MEGHA MAJUMDAR was born and raised in Kolkata, India. She moved to the United States to attend
college at Harvard University, where she was a Traub scholar, followed by graduate school at the Johns Hopkins University, where she studied social anthropology. She works as an associate editor at Catapult and lives in New York City. A Burning is her first book. You can follow her on Twitter: @MeghaMaj and Instagram: @megha.maj.
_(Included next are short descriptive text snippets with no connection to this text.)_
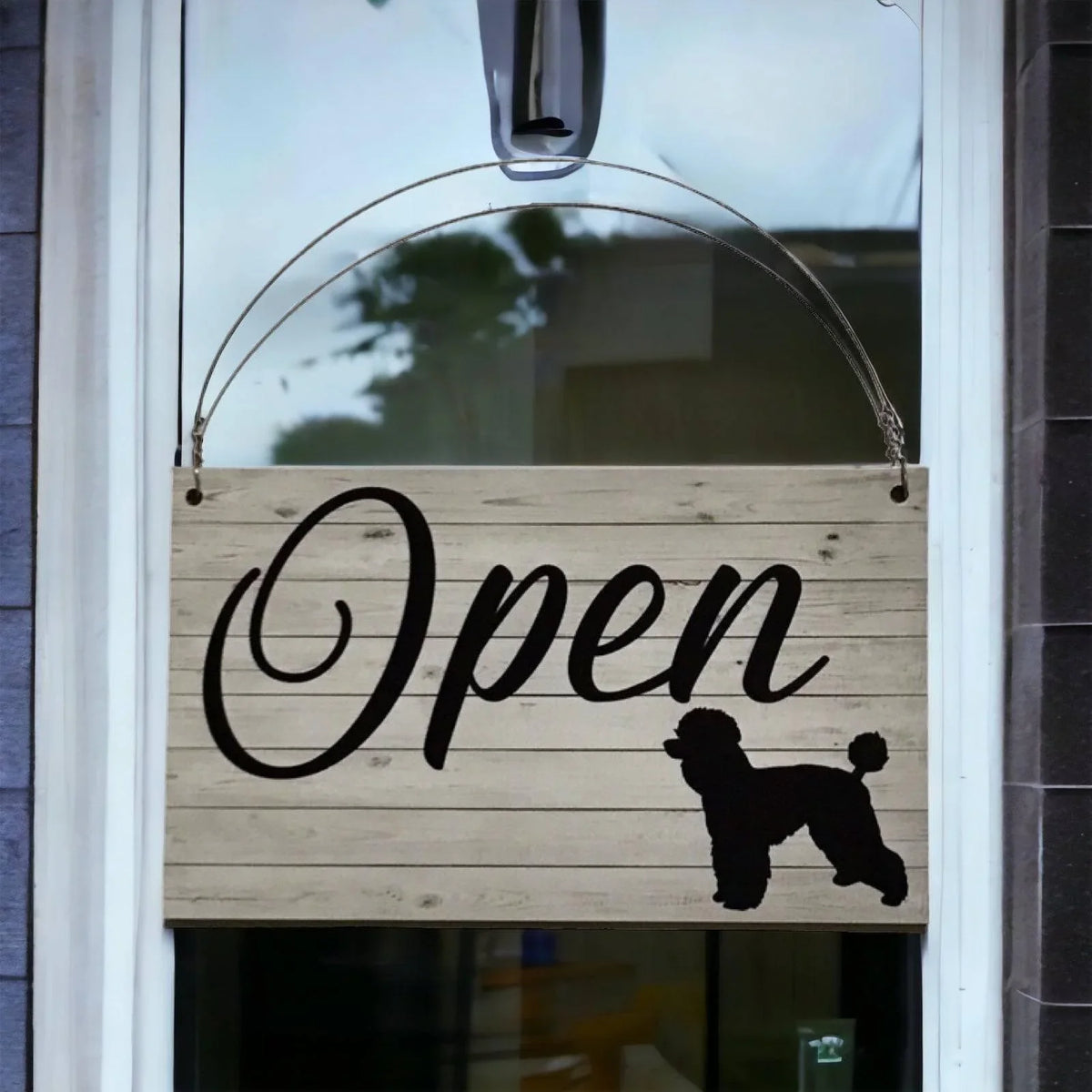 Poodle Open Closed Business Shop Cafe Dog Hanging - The Renmy Store Homewares & Gifts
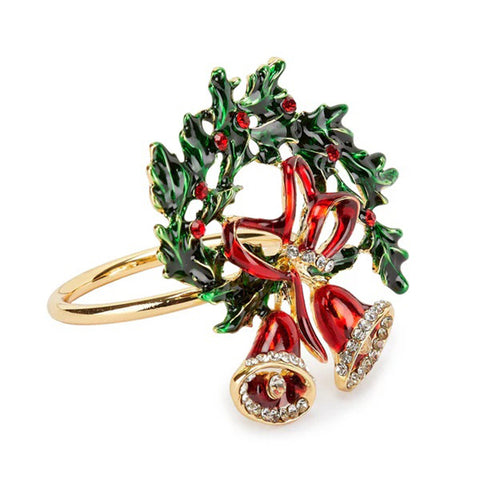 Fade Set 6 Christmas Napkin Rings with Garland 4.5x4x4 cm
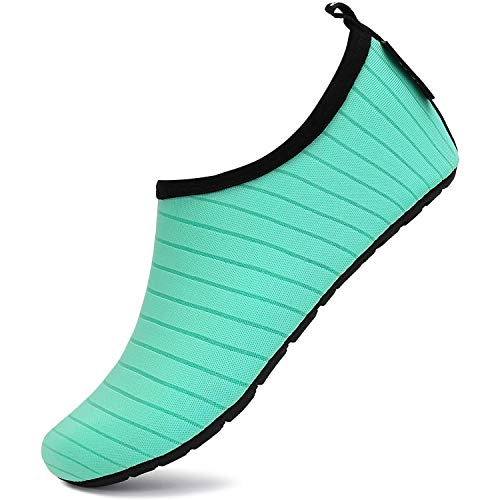 SAGUARO Badeschuhe Schnell Trocknend Wasserschuhe Damen Leicht Strandschuhe Unisex Surfschuhe Herren Bequeme Schwimmschuhe Pool Park Fahren Bootfahren, Strand Grün 44/45 von SAGUARO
For readers of Tommy Orange, Yaa Gyasi, and Jhumpa Lahiri, an electrifying debut novel about three unforgettable characters who seek to rise-to the middle class, to political power, to fame in the movies-and find their lives entangled in the wake of a catastrophe in contemporary India
This is an electrifying debut novel about three unforgettable characters who find their lives entangled in the wake of a catastrophe. They seek to rise-to the middle class, to political power, to fame in the movies. One is Jivan, a Muslim girl from the slums accused of executing a terrorist attack on a train because of a careless comment on Facebook. The second is PT Sir, an opportunistic gym teacher who hitches his aspirations to a right-wing political party, only to find his own ascent linked to Jivan's fall. And the third is Lovely, an irresistible outcast who has an alibi that can set Jivan free-but at the cost of everything she holds dear. Taut, symphonic, propulsive and riveting right from the outset, A Burning has the force of an epic while being so masterfully compressed that it can be read in a single sitting. Majumdar writes with dazzling assurance, at a breakneck pace, on complex themes that read as the components of a thriller: class, fate, corruption, justice and what it feels like to face profound obstacles while nurturing big dreams in a country spinning towards extremism.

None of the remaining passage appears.